EXERCISE DIRECTIONS >> All records below are to be duplicated exactly, with every picture excluded.

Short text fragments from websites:

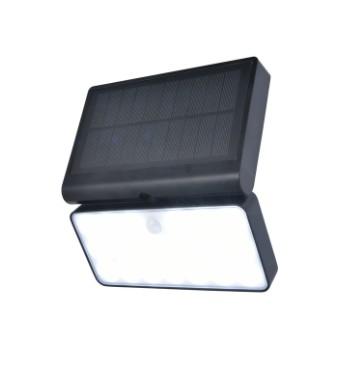 Lutec Tuda Solar udendørs væglampe m/solceller og sensor
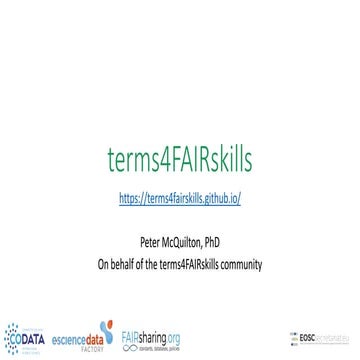 terms4FAIRskills - RDA VP17 - April 2021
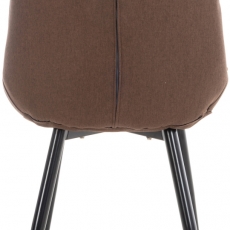 Jedálenská stolička Gigi, textil, hnedá - 4
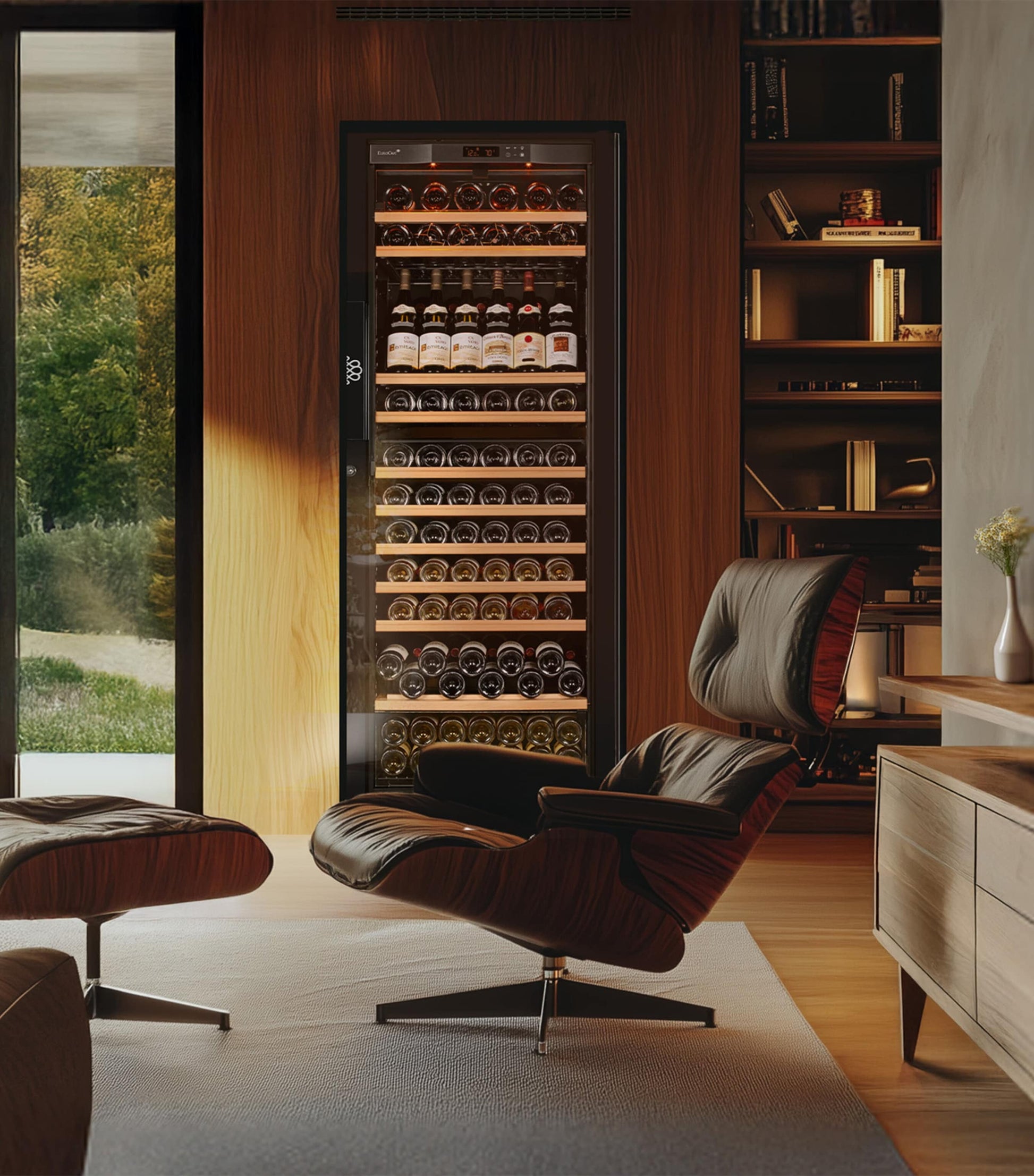 Large 3-Temperature Pure Wine Cabinet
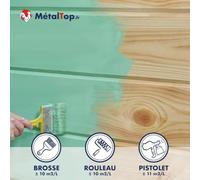 Metaltop - Peinture Lambris - Bleu ciel - RAL 5015 - Pot 15 L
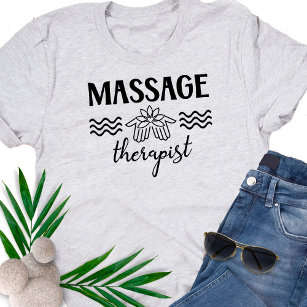 Massagetherapeut Salon Klinik Lotus Hands T - Shir T-Shirt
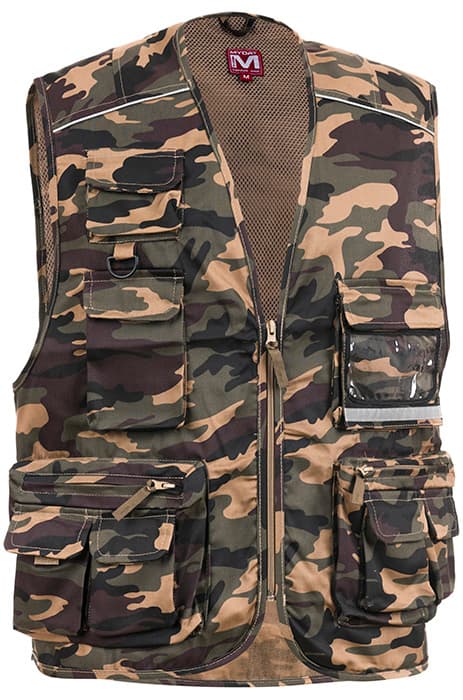 Gilet Power Colore Camouflage Mimetico Misura L - 2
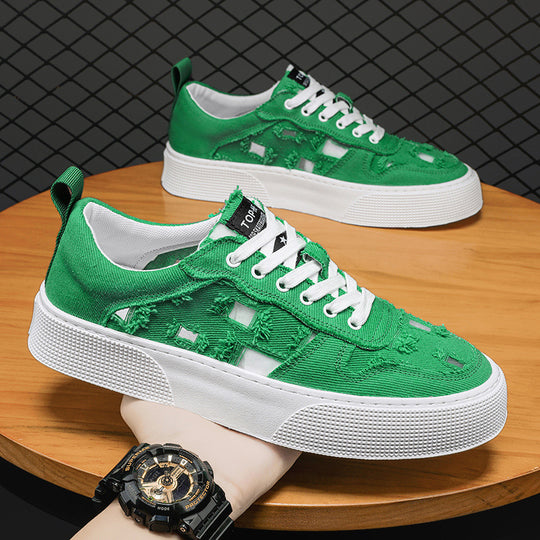 Damen Modische Sneakers mit einzigartigem Design und strapazierfähigem Obermaterial EB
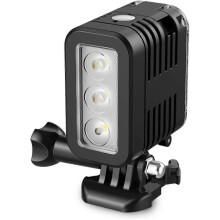 Lanterna de Mergulho Subaquática LED 45m/147ft Impermeável, Compatível com Gopro e Xiaomi Yi Câmeras de Ação Recarregável USB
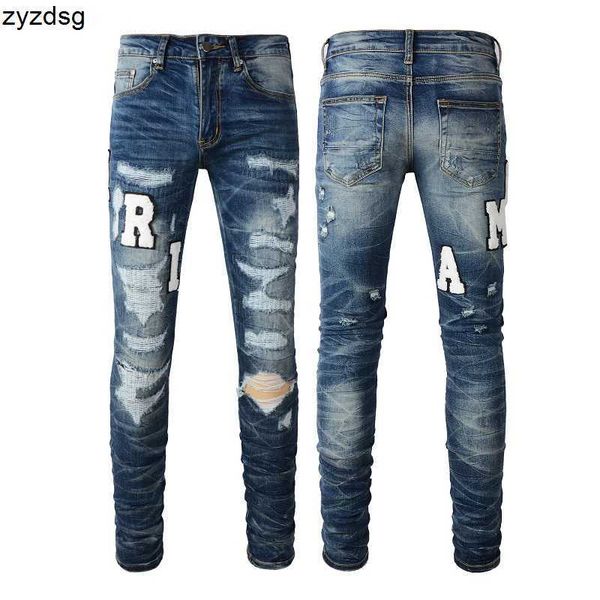 Дизайнерские джинсы Purple Jeans Mens Jean Men Men Dope Dope Hole Skinny Straight Motorcle Morendy Long прямая прямая джинсовая джинсовая ткань Оптовые брюки.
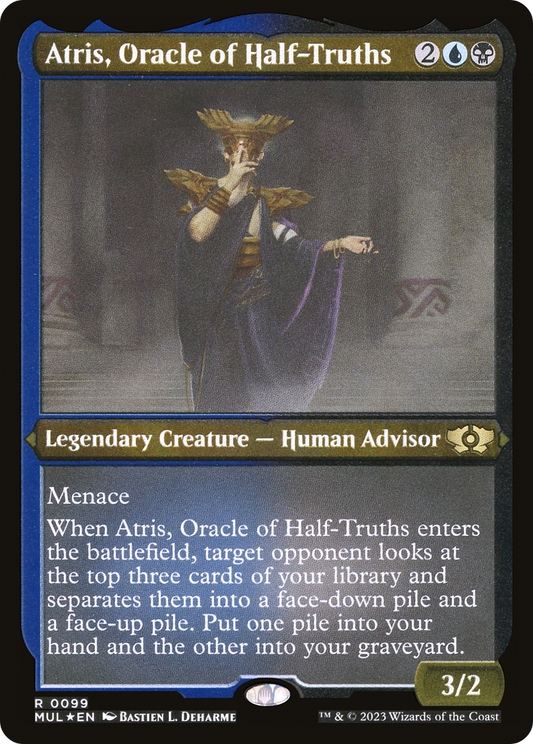 Atris, Oracle of Half-Truths (MUL-099) (Etched Foil)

SOLUTION >>
 Lutec Tuda Solar udendørs væglampe m/solceller og sensor
 terms4FAIRskills - RDA VP17 - April 2021
 Jedálenská stolička Gigi, textil, hnedá - 4
 Large 3-Temperature Pure Wine Cabinet
 Metaltop - Peinture Lambris - Bleu ciel - RAL 5015 - Pot 15 L
 Massagetherapeut Salon Klinik Lotus Hands T - Shir T-Shirt
 Gilet Power Colore Camouflage Mimetico Misura L - 2
 Damen Modische Sneakers mit einzigartigem Design und strapazierfähigem Obermaterial EB
 Lanterna de Mergulho Subaquática LED 45m/147ft Impermeável, Compatível com Gopro e Xiaomi Yi Câmeras de Ação Recarregável USB
 Дизайнерские джинсы Purple Jeans Mens Jean Men Men Dope Dope Hole Skinny Straight Motorcle Morendy Long прямая прямая джинсовая джинсовая ткань Оптовые брюки.
 Atris, Oracle of Half-Truths (MUL-099) (Etched Foil)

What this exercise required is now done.